Lodi, 24 agosto 2018 - Sono una decina, tutti nella stessa scuola. Ragazzini disabili con gravi difficoltà motorie. La scuola media dove sono iscritti, la Don Milani di viale Europa, a Lodi, è grande. Ha ben 18 sezioni, oltre 400 alunni, ma non è abbastanza. Nella sede dell’istituto manca una cosa: l’ascensore. O meglio, l’ascensore c’è ma da più di un anno non può essere utilizzato per problemi tecnici. «Il nostro è l’istituto della provincia con il numero più alto di ragazzi disabili – spiega Stefania Menin, la dirigente della scuola che fa parte dell’istituto comprensivo Lodi 3, che racchiude otto scuole, con oltre 1.500 alunni che frequentano asilo, elementari e medie, di cui 90 con disabilità –. Mi sembra assurdo che questo non venga considerato».

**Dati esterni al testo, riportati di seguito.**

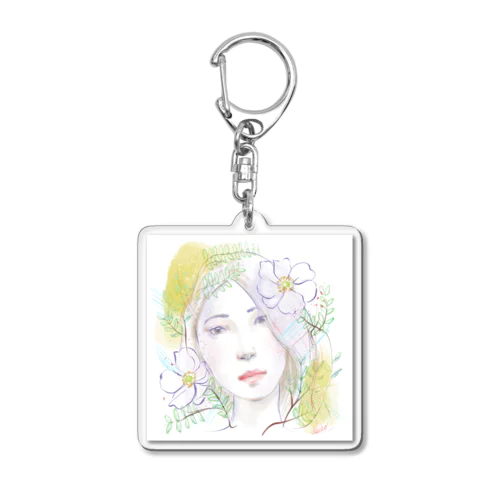 お花と水彩の子 Acrylic Key Chain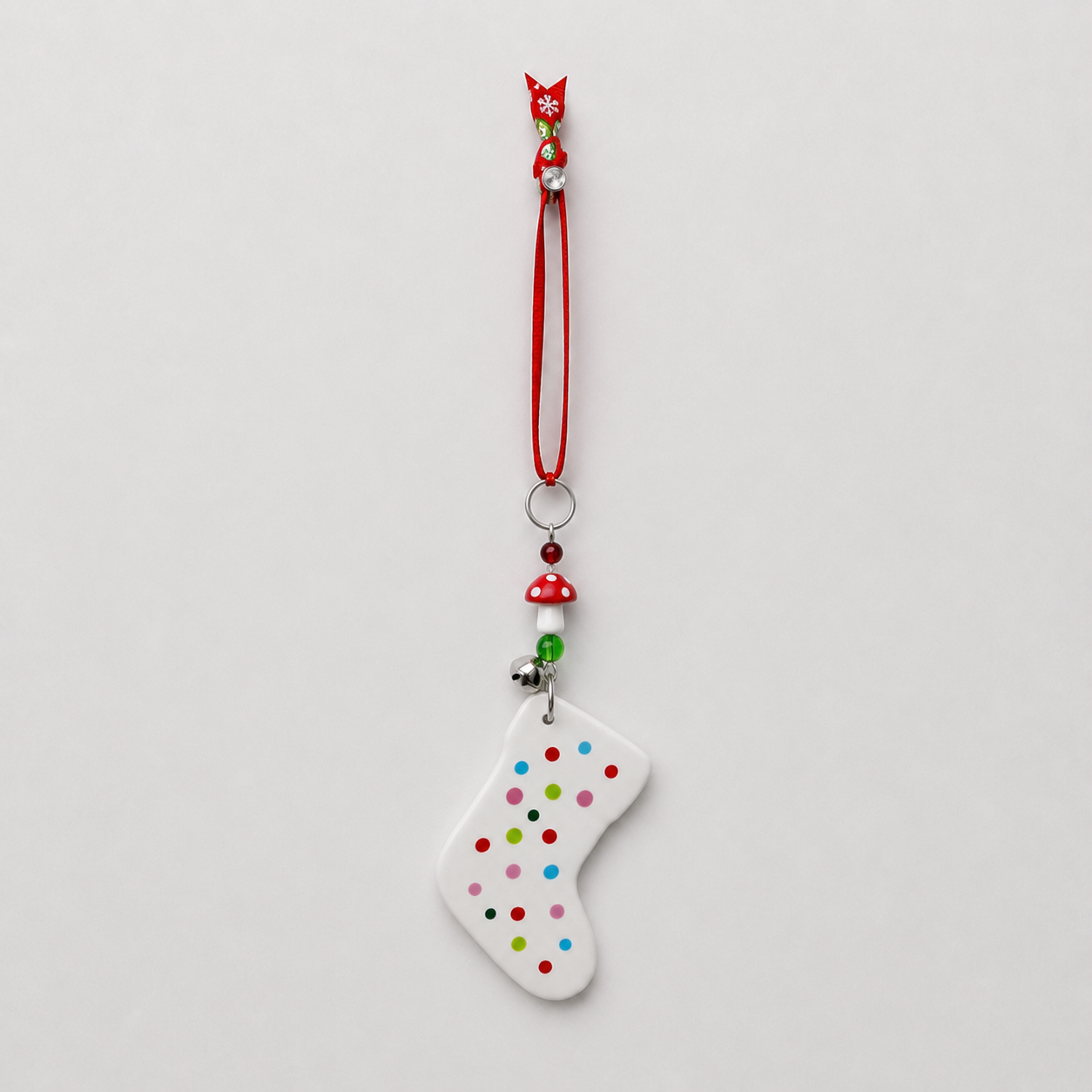 Handmade ceramic stocking Christmas decoration, further view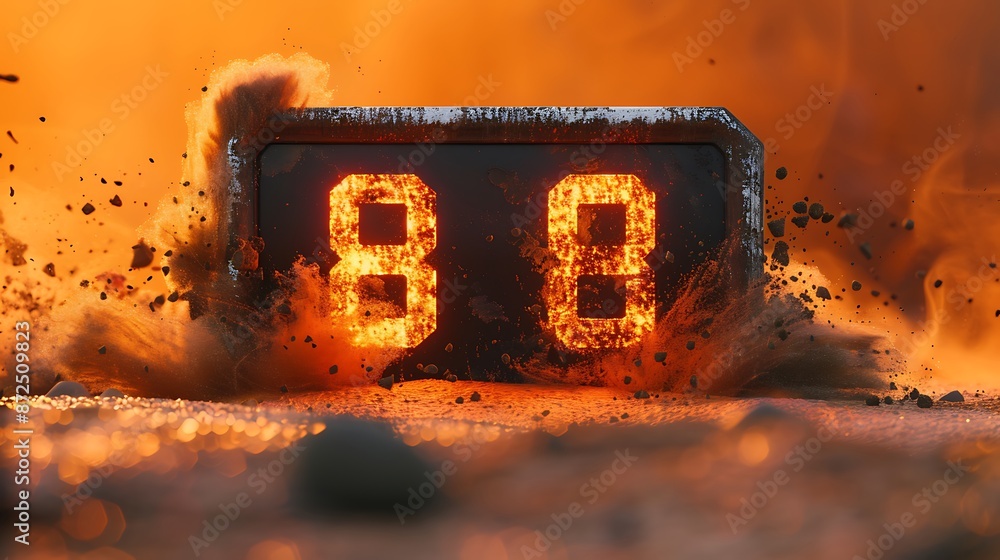 Poster a virtual digital alarm clock showing 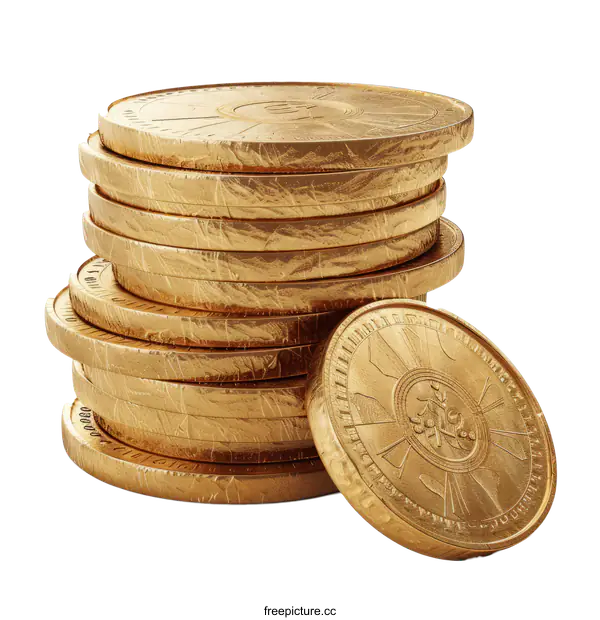 [Transparent Background PNG]A stack of gold coins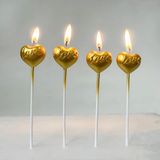 Doğum Günü Mumlar 4 Lü Çubuklu Love Kalp Mum Aşk Şekilli Mumlar - Gold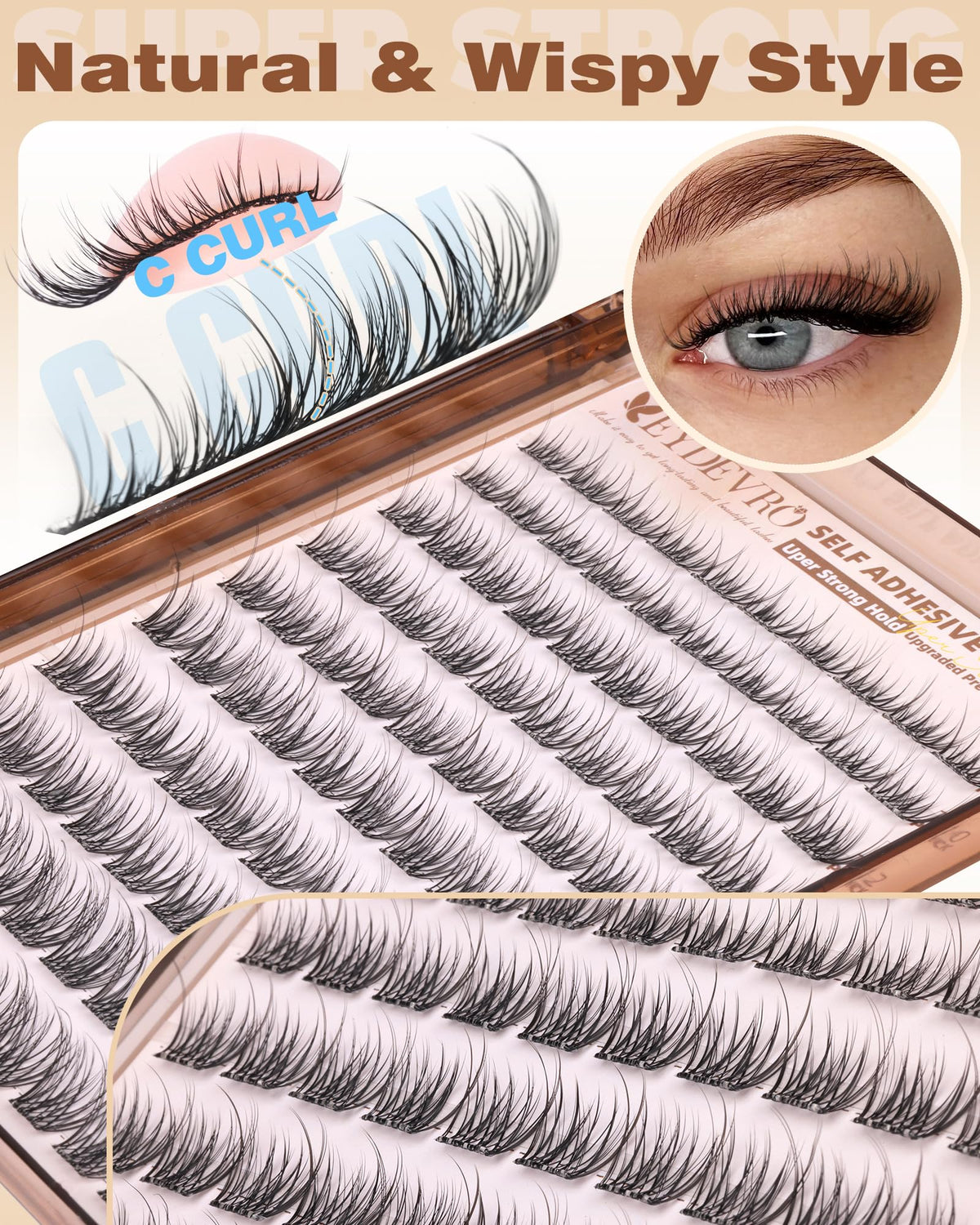 EYDEVRO lashes in a travel pouch for convenient on-the-go use
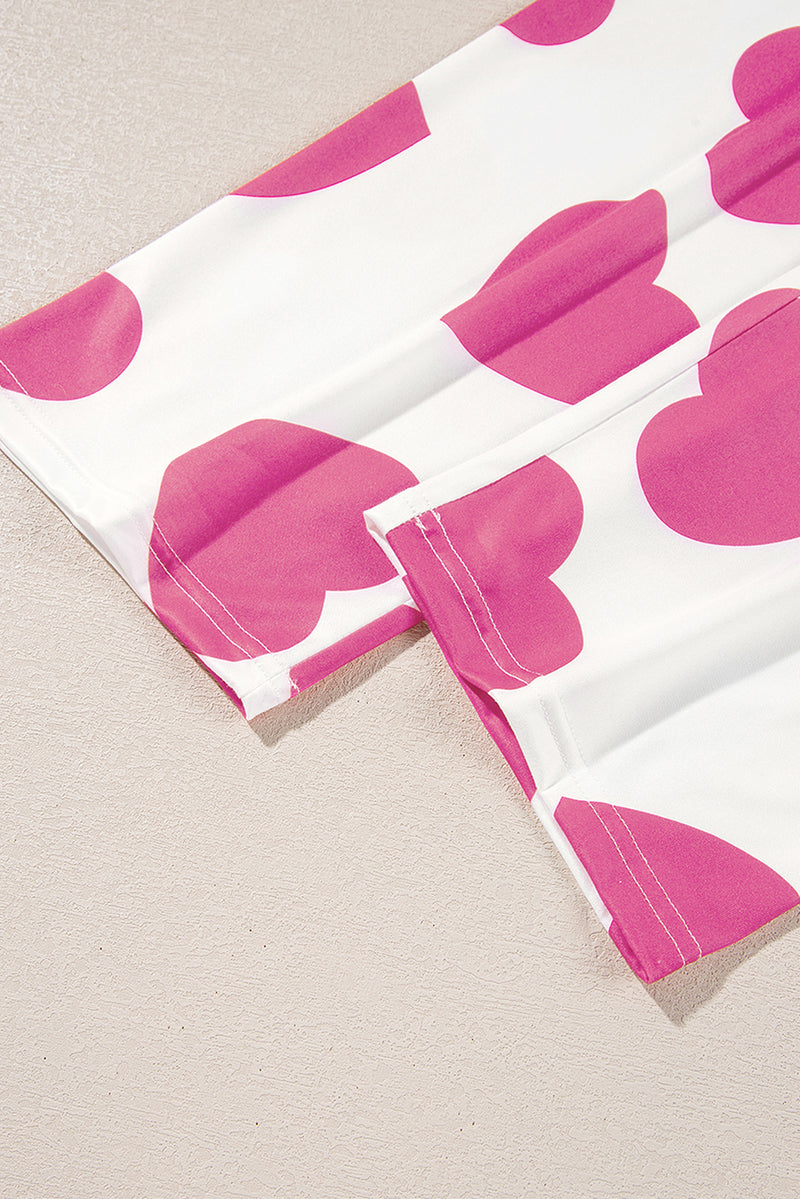 Ruffled Tank Top And Heart Print Pants Lounge Set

Solo alla Don Milani ci sono tra gli iscritti una trentina di studenti con diverse disabilità. Un terzo ha problemi di deambulazione. Per questo avere un ascensore funzionante per i tre piani dell’istituto è così importante. Ma i disagi riguardano anche gli altri studenti: «Lo scorso anno scolastico siamo stati costretti a spostare un’intera classe al piano terra perché una studentessa si era rotta una gamba e non riusciva a raggiungere l’aula al primo piano», racconta la dirigente. Il Comune è a conoscenza del problema da almeno un anno. È stato l’Ufficio tecnico a bloccare l’ascensore. Qualche settimana fa a scuola è stato fatto un sopralluogo con i tecnici del Comune e l’assessore ai Lavori pubblici. La diagnosi è che bisognerà intervenire per sostituire l’interno impianto. Dal Comune servirà un ingente impegno di spesa. «L’ascensore alla Don Milani è fondamentale per raggiungere le aule – ribadisce Menin –. La mia speranza è che si possa arrivare a una soluzione in tempi brevi». I lavori, però, non sono ancora partiti. E il 10 settembre, al suono della prima campanella, i disagi per una decina di studenti che frequentano la scuola, di cui cinque al primo anno, potrebbero essere enormi. «Dal Comune hanno effettuato solo un sopralluogo – spiega la preside –. Il tecnico è venuto più volte a controllare ma ancora non è stato fatto nulla di concreto. Per noi non è possibile iniziare l’anno con queste difficoltà». Anche i bagni hanno bisogno di un intervento. Per terra manca la pavimentazione in linoleum, il materiale antiscivolo idoneo per accogliere carrozzine e stampelle. Ma anche su questo punto i lavori non sono ancora partiti.